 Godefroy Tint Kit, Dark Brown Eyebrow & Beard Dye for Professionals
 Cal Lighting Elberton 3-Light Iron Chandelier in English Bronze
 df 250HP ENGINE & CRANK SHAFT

...

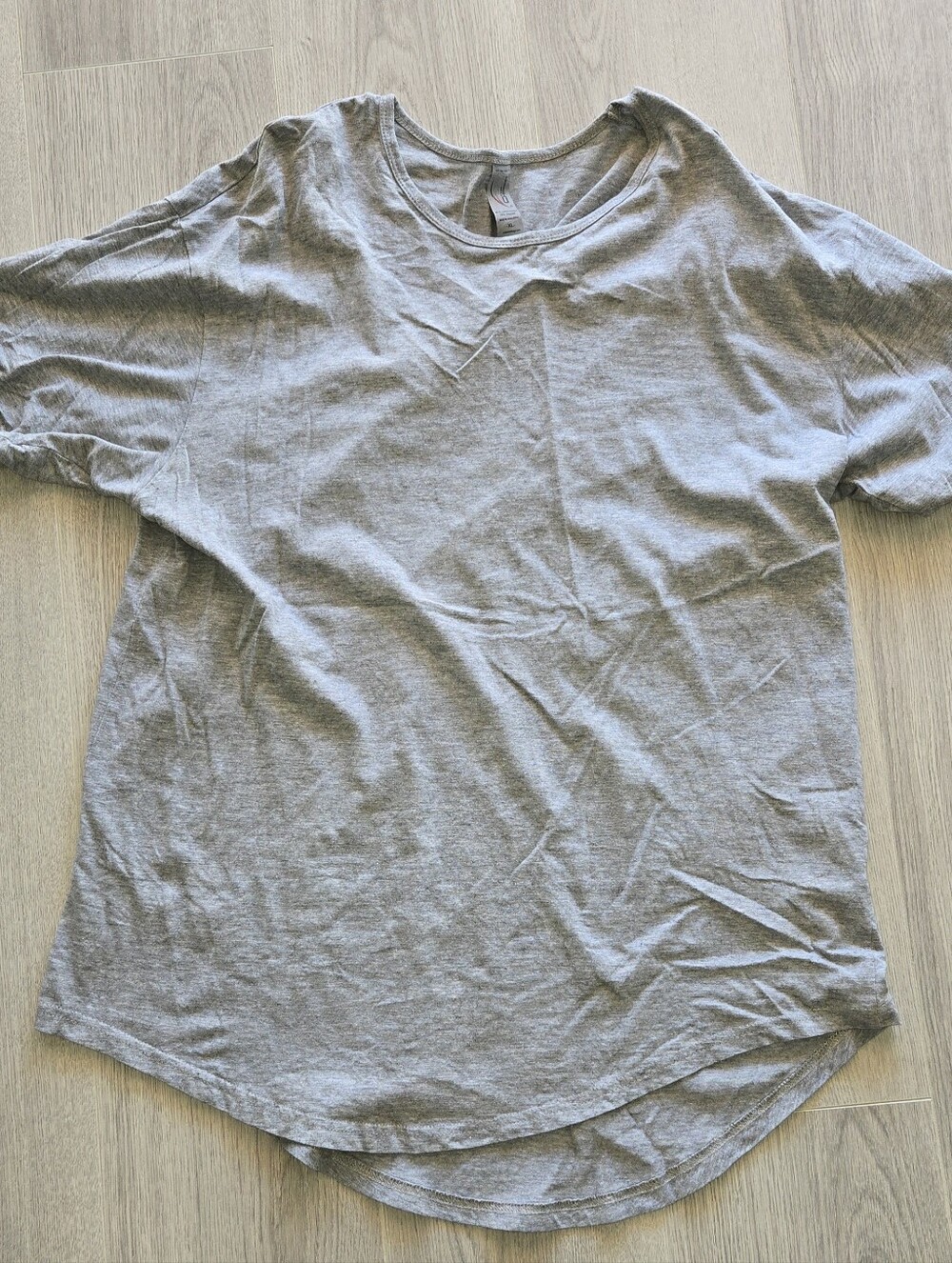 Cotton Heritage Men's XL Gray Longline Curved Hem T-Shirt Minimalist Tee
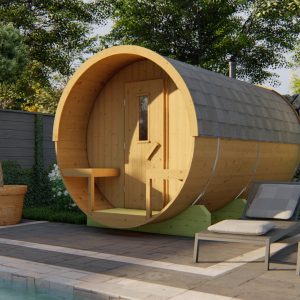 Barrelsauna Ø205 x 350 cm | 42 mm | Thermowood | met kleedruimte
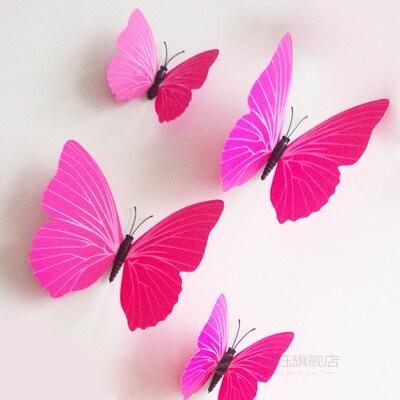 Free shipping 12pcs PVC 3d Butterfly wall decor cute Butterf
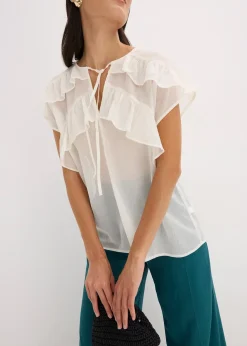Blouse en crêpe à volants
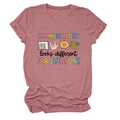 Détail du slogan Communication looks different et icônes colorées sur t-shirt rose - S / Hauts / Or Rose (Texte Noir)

> What the exercise asks
Look through the data above and return exactly the lines from the one that contains "Godefroy Tint Kit, Dark" to the one that contains "df 250HP ENGINE & CRANK SHAFT", inclusive, with nothing else.

> Written solution
 Godefroy Tint Kit, Dark Brown Eyebrow & Beard Dye for Professionals
 Cal Lighting Elberton 3-Light Iron Chandelier in English Bronze
 df 250HP ENGINE & CRANK SHAFT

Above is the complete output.